Mistakes by claims professionals were the most common reason for enforcement actions taken against U.S. property and casualty insurers in 2018, taking the No. 1 and No. 2 spot on a top ten list issued by the Wolters Kluwer consulting firm.
In fact, five of the 10 top reasons documented by Wolters Kluwer involved errors in claims handling. The Boston-based compliance consulting firm reviewed every market conduct examination and enforcement action taken by state regulators in 2018, said Senior Compliance Counsel Kathy Donovan. The number of individual citations examined numbered in the hundreds, she said.
“The claims area is one combined area that has many moving parts, many individual timeframes — timeframes that aren’t necessarily the same from state to state,” Donovan said. “So it’s no surprise at all that once again failure to acknowledge claims, investigate or deny claims, within specific time frames in the states certainly takes the top spot for the exam process for 2018.”
In order of frequency, the claims-related mistakes that prompted sanctions by insurance regulators were for:
- Failure to acknowledge, pay, investigate or deny claims within specified timeframes.
- Failure to provide required disclosures in claims processing.
- Failure to issue correct payments or proper denial notices.
- Failure to process total loss claims properly.
- Improper/Incomplete documentation of claim files.
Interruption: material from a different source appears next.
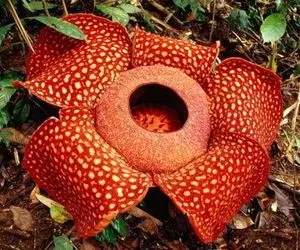 آن روی طبیعت وحشی؛ این گل بوی جنازه میده!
Donovan said during a telephone interview that for property and casualty insurers, the commercial auto, personal auto, workers’ compensation and homeowner’s lines drew the most enforcement actions. She said in personnel auto, several states have passed strict notice requirements, especially for claims involving total loss. In workers’ comp, states enforce strict deadlines to ensure that injured workers receive wage-loss benefits.
Donovan said many state insurance departments do not use market conduct examinations but use an informal process to deal with complaints. Other states — most notably California — perform dozens of market conduct exams each year.
Not surprisingly, California was also the location for several of the examples that Donovan mentioned when discussing the findings of Wolters Kluwer’s review during a webinar.
The review found six instances where the California Department of Insurance cited an insurer for failing to disclose all benefits available under a policy or explain the coverage, time limits, and other policy provisions, Donovan said. Also in California, citations were issued because the insurer did not notify claimants that the driver of an insured vehicle was determined to be principally at fault.
“I see this year in and year out as a criticism in California automobile exams,” Donovan said.
New Jersey was the source of some other examples given. In one instance, a carrier had failed to notify a claimant that coverage for a rental vehicle was available. The carrier protested, saying that it informs only its own policyholders if rental coverage is available, but the state examiner said there are no exceptions to the statute.
New Jersey also demands a thorough claim file. Donovan aid one insurer was cited because its adjuster had not included emails concerning the claim in the file. The adjuster countered that the documentation was available within the company’s email server, but the examiner said all of the relevant documents must be in the file.
Another issue cited by New Jersey regulators was examiners putting blank templates of required notices in to the claim file with blanks where the necessary information should have been filled in. Donovan said the examiner found that to be a violation because there was no evidence that the required notice had been sent.
Donovan said she hopes insurance carriers take note of the findings so they can improve their compliance systems. “It helps insurance companies understand the operational challenges that other companies in their lines of business are suffering,” she said.